日々お茶暮らし

お茶で有名な川根地域でお茶づくりをしている茶農家のブログです

枝の数を増加させるために…

暑い!

とにかく暑い8月1日となりました。

 

こんばんは!

今日は全国的に暑い気温となりましたが、静岡県も例外ではありません。

屋外で作業をしていると、すぐに汗が…。

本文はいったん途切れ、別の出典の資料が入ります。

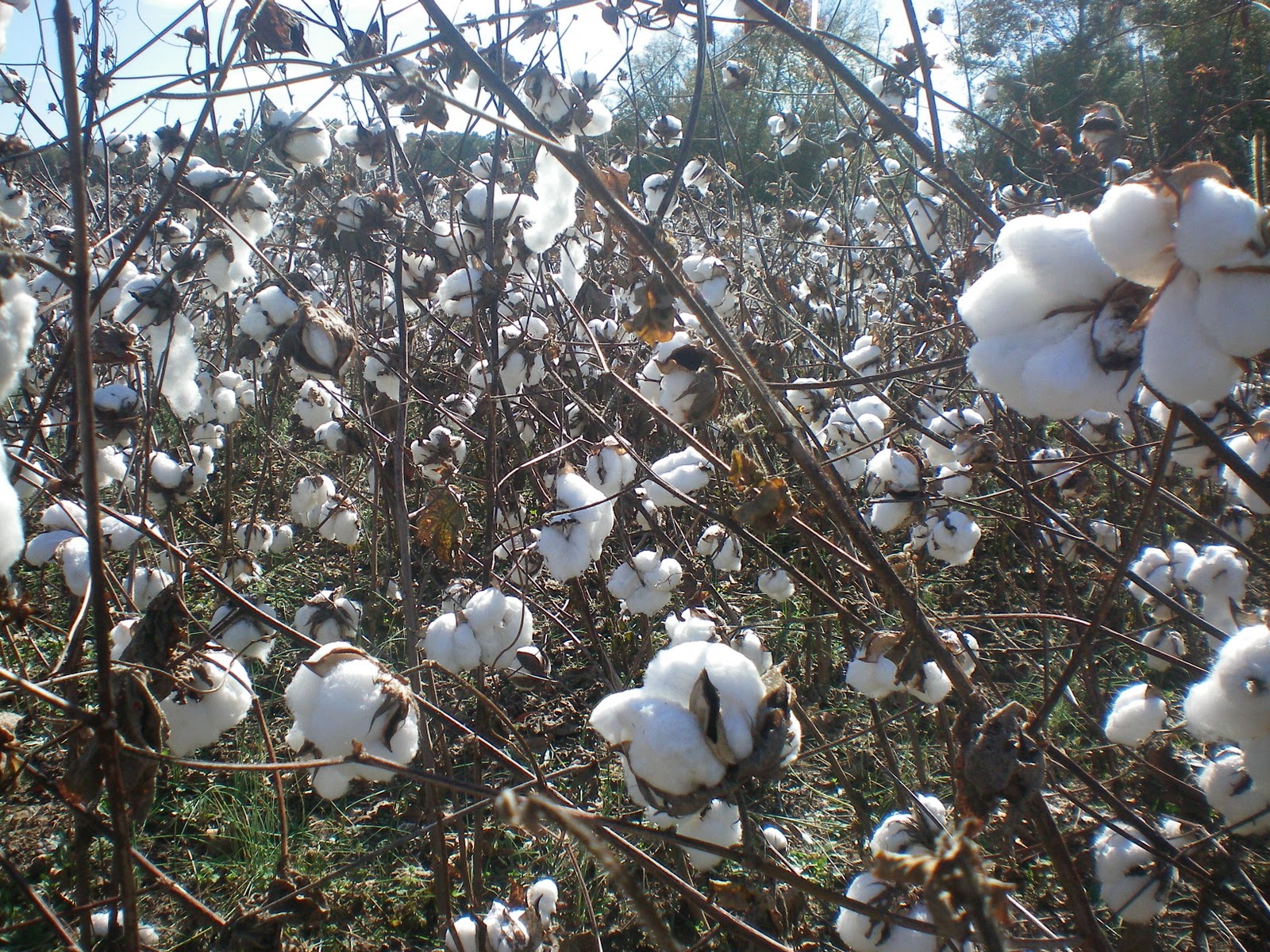 APRIL IN ALABAMA: COTTON PICKING POST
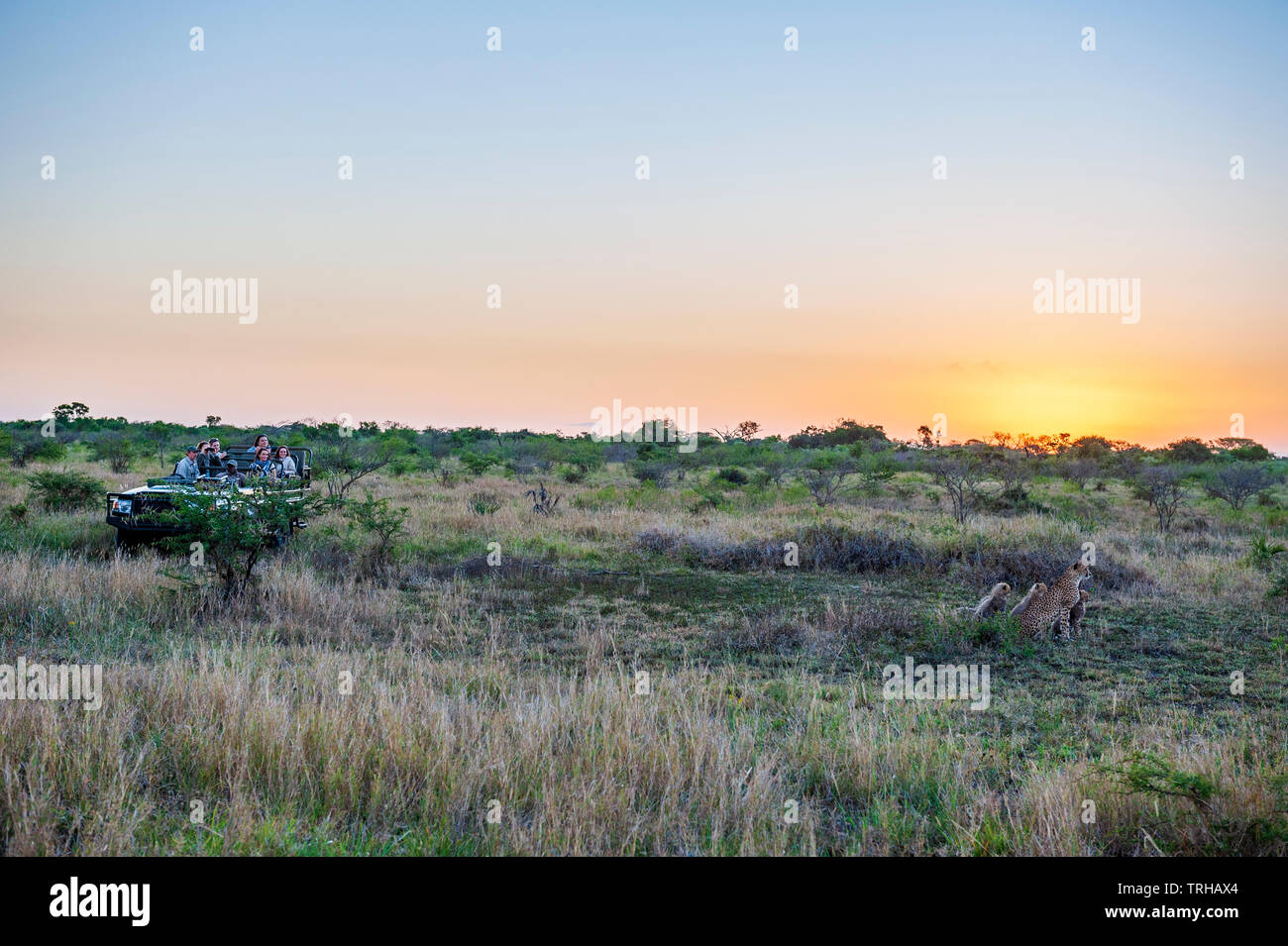 Tourists watching a mother cheetah and her cubs at the Phinda Private Game Reserve, an andBeyond owned nature reserve in eastern South Africa. Stock Photo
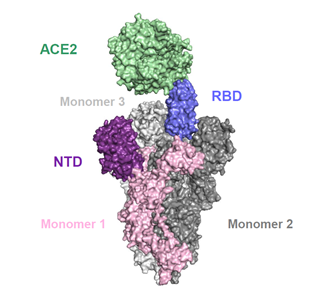 应用案例(质量光度计MP):质量光度计在SARS-CoV-2方面的应用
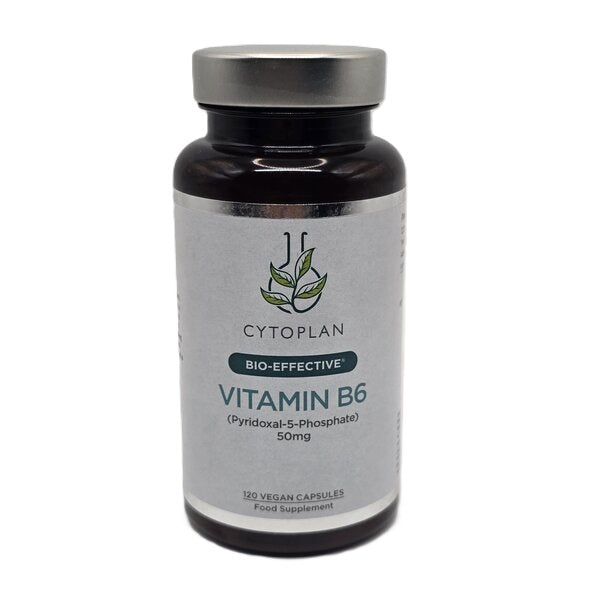 Vitamin B6 - 120 vcaps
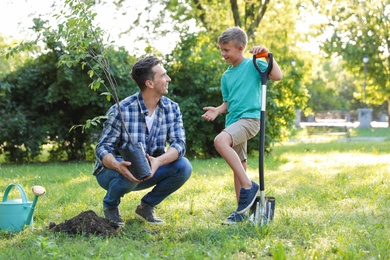 Photo of Dad and son planting tree in park on sunny day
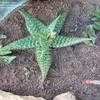 Thumbnail #5 of Aloe grandidentata by ALTER_EGO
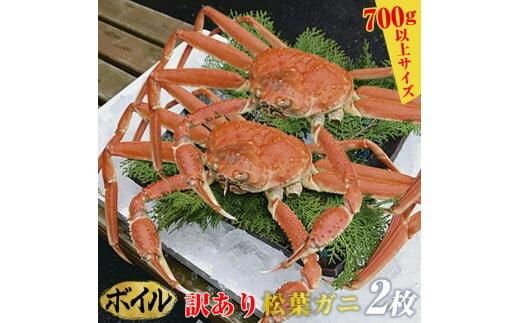 100.[ボイル]訳あり 松葉ガニ 2枚◇※2025年11月上旬〜2026年3月下旬頃に順次発送予定※着日指定不可 313726_AL007VC02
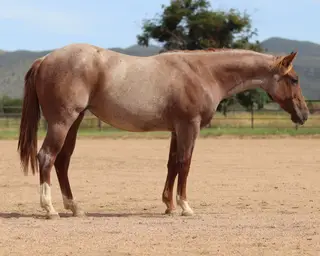 Tickled Pynk (Pinkie), 1 Year Old Red Roan Quarter Horse Filly for Sale in Dewey, AZ, photo 2 of 3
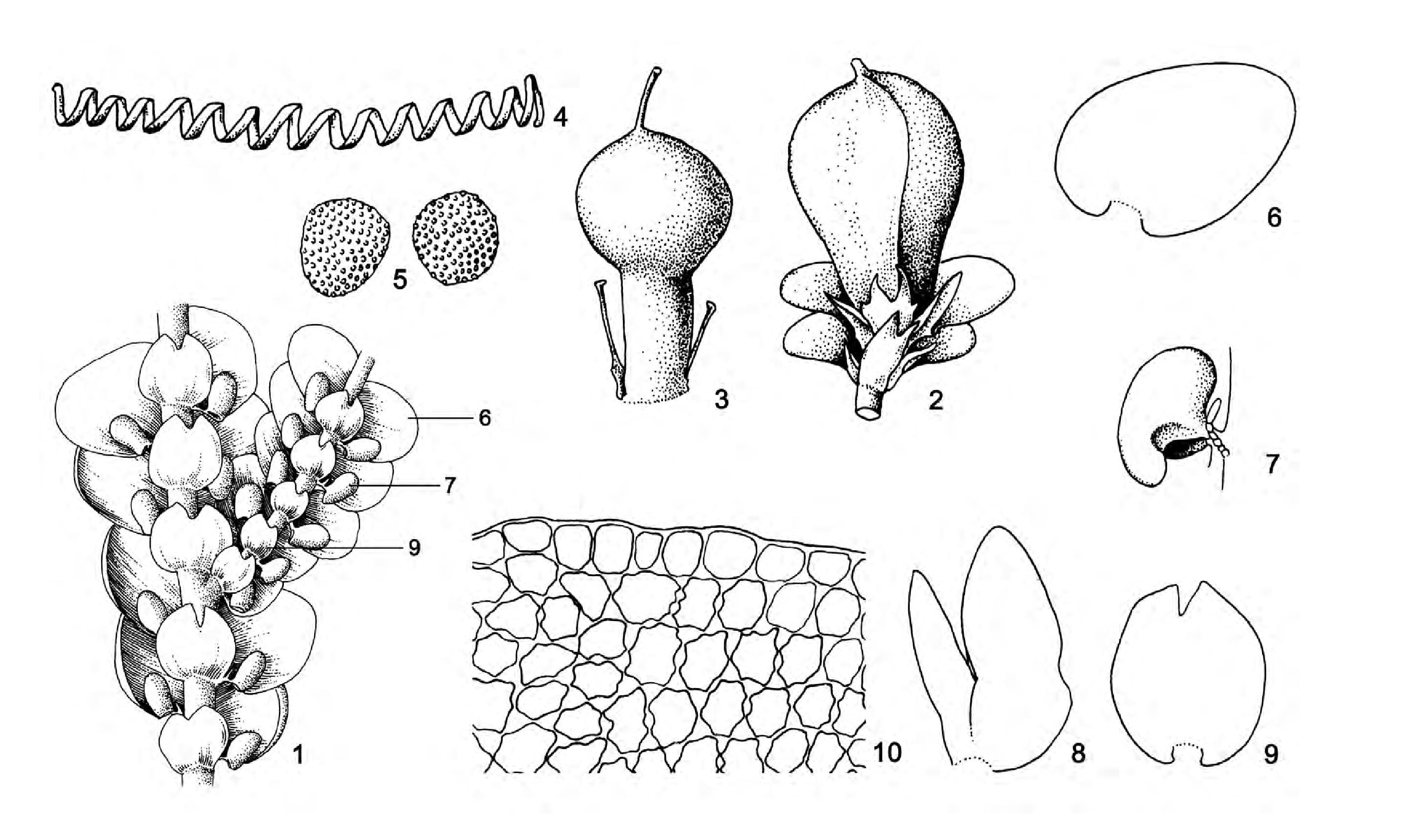 1.苔纲(Hepaticae)的形态结构特征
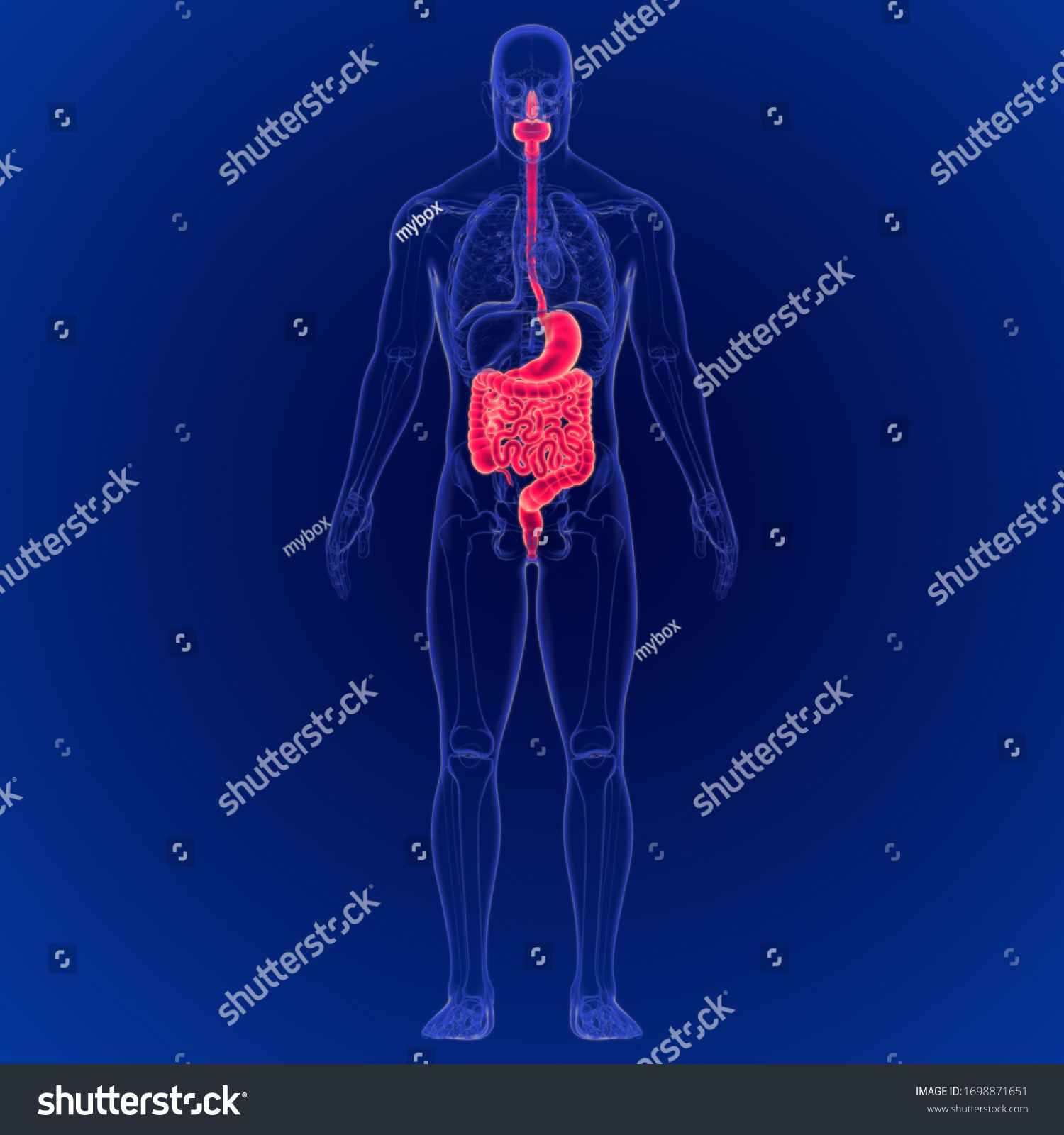 D Illustration Human Digestive System Anatomy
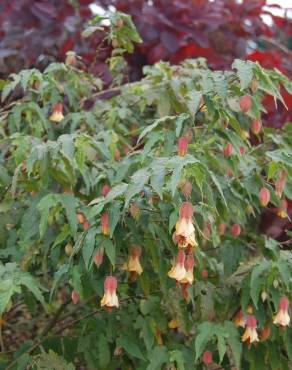 Fotografia 12 da espécie Abutilon megapotamicum var. kentish-belle no Jardim Botânico UTAD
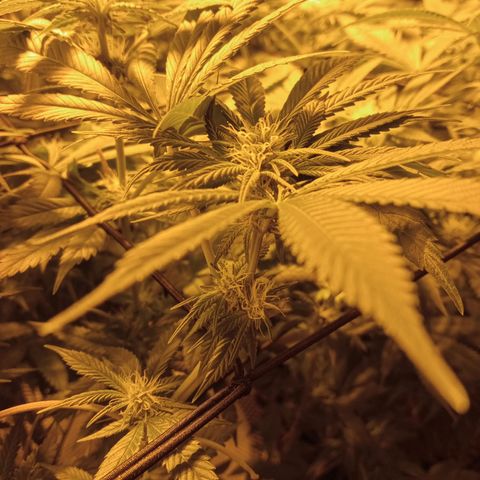A - 🦍glue #4 growlog timeline photo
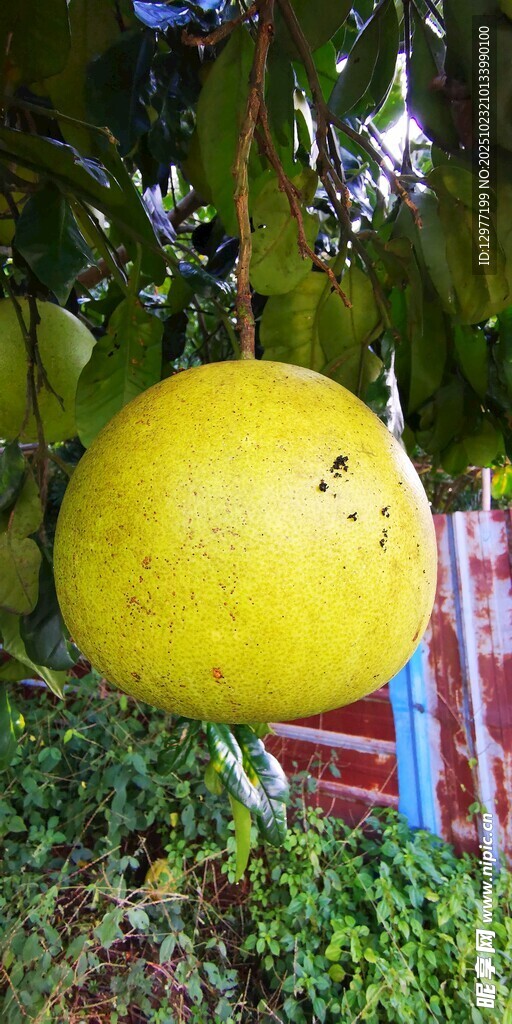 树上悬挂的黄色柚子大果实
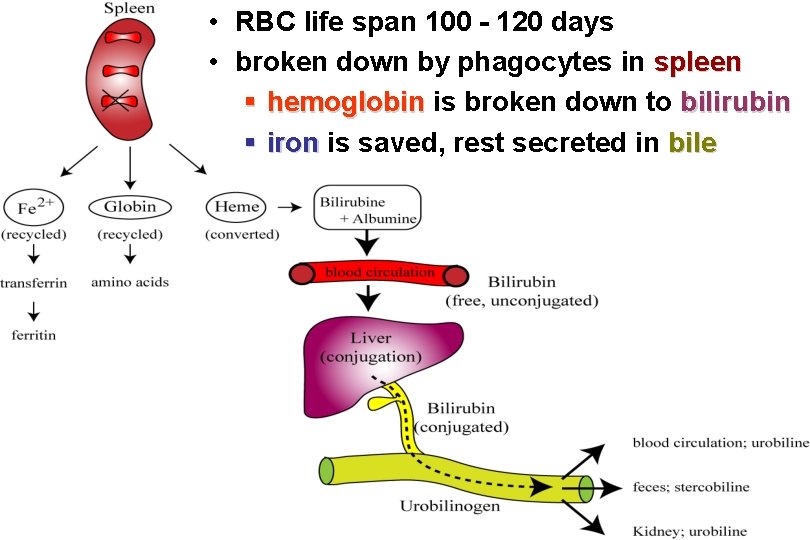 • RBC life span 100 - 120 days • broken down by phagocytes • RBC life span 100 - 120 days • broken down by phagocytes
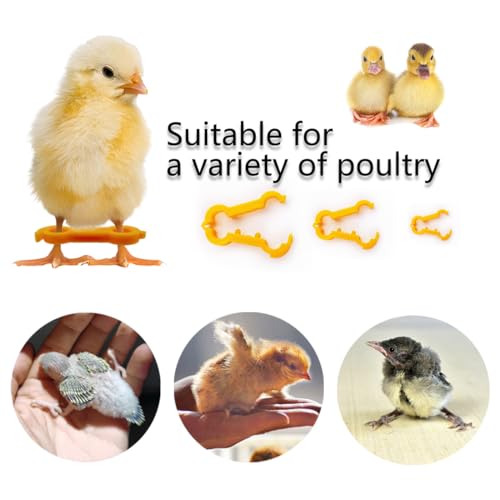 15pcs Baby Chicken Parrot Splay Leg Hobbles,Poultry Leg Bands for Newborn Spraddle Leg of Chick、Quails、Ducks、Bird Parrot of 1 to 3 Days Newly Hatched,3 Sizes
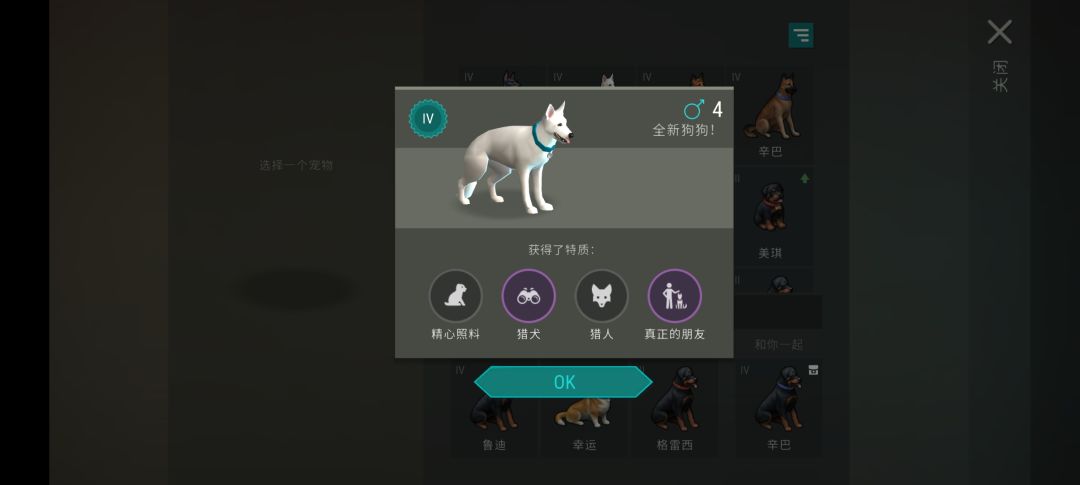狗子也过年啦 2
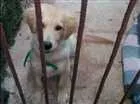 Cachorro raça Golden retriever  idade 2 a 6 meses nome Thor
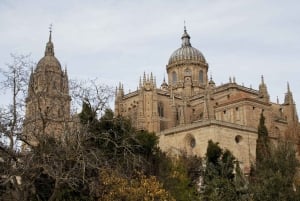 Von Madrid aus: Geführte Tagestour nach Segovia, optional Alcázar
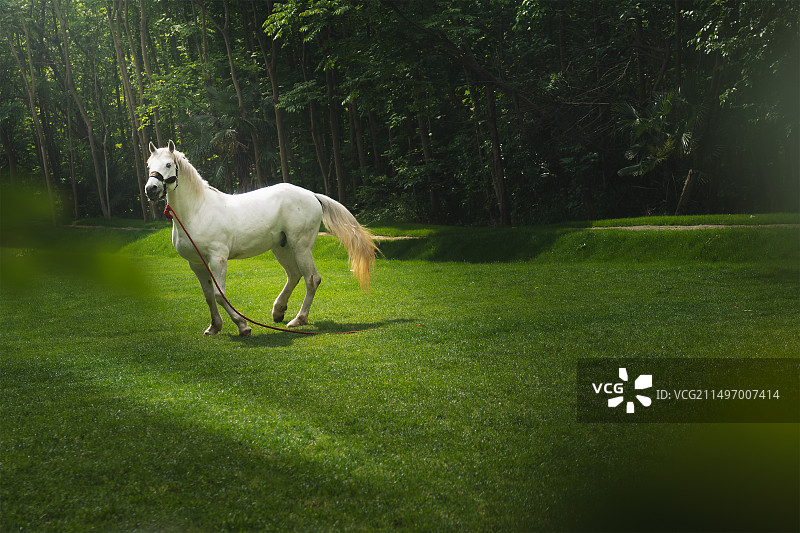 一匹白马图片素材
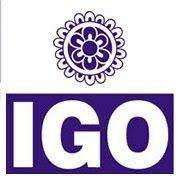 IGO - Edison Logo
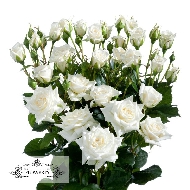 Белые кустовые розы поштучно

日中では家の中にいても汗が出てくるほどでした。

 

今のところですが、今年で一番の暑さではないかと思います(^^;)

 

少し前までは「日照不足」「気温が低い」と騒いでいましたが、今は「暑い」ことがお昼の情報番組で盛んに取り上げられていますね!

 

今年の梅雨は日照不足の梅雨でしたが、今後は逆に雨が降らない…雨不足にならないと良いなと思います。

 

植物にとっても、人にとっても適度に雨は降って欲しいものです。

 

 

中切り園の生長状況

一番茶の収穫後に、お茶の樹の枝を大胆にカットした畑…。

このように茶色い枝が見えるまでカットする作業のことを『中切り』と言い、中切りを行った畑のことを『中切り園』と呼びます!

 

梅雨時期は日照不足で、今年は害虫も多発してしてしまったことから、新しく伸びて来る芽の生長スピードはかなりゆっくりでした。

 

しかし、作業を行ってから時間が経過すれば、ある程度は生長するもの…。

肥料をあげたり、適度に害虫や病気から守るために農薬を散布したこともあり、これらの対策を行ってからはグングン生長しました。

茶色い枝が見えていただけの畑とは思えないほどに、新しい黄緑色の芽がたくさん伸びました。

 

 

しかし、このままの状態では、来年の春に収穫するお茶の量が減少してしまいます(>_<)

 

今の状態は、大きく伸びる芽がいくつか生長しているだけです。

これでは、枝の数が少なすぎます。

枝の数が少ないと、翌年の春に伸びる芽の数も減少してしまうのです。

 

また、茂った葉っぱにより少し風通しが悪い状態…。

雨が降り半日以上の時間が経っても、下の方の葉っぱには水滴が付いている時があります。

 

風通しが悪い状態は湿気が溜まりやすい、湿度が高い状態です

植物の病気のほとんどは、カビを原因としているので、湿度が高いと病気が発生しやすい、蔓延しやすい状況であると言えます。

 

そこで、

枝の数を増やすこと

病気になりにくくすること

この2つを目的として、伸びた芽を一旦カットする作業を行います。

 

 

伸びた芽をカット

伸びてきた芽は、大胆にばっさりとカット…。

茶色い太い枝がある部分すれすれの位置で、機械を使用して刈り落としていきます。

 

作業を行った後の畑がこちら↓

新しい芽が伸びてきた状態と比べると、お茶の樹の表面がキレイに均されていると思います。

 

風通しも良くなり、雨が降ったり朝露が降りても、すぐに乾くでしょう(^^♪

 

物理的な病気への対策としてはバッチリ!

あとは、残した葉っぱや枝、これから伸びて来る新しい芽が病気になったり、害虫の被害に遭わないようにきちんと管理するだけです。

 

 

位置を一定にして伸びた芽をカットすることで、お茶の樹の表面はキレイに整えられます。

新しく伸びる芽には、均等に養分が行き渡るので、そろって芽が伸び始めます。

 

9月中旬頃までは芽が伸びやすい環境(気温的に…)なので、そのころまでには枝の数も増加するでしょう。

このように、伸びた芽をカットすることで、新しい芽がいくつか伸びます。

伸びた芽は次第に茶色く硬くなり、枝へと変化していくため、枝の数が増加するのです。

 

もし、この作業を行わないと、枝の数はとても少ないまま冬を迎えてしまいます。

そのようなお茶の樹を近くで見ると、枝や葉っぱが少なくスカスカな状態…。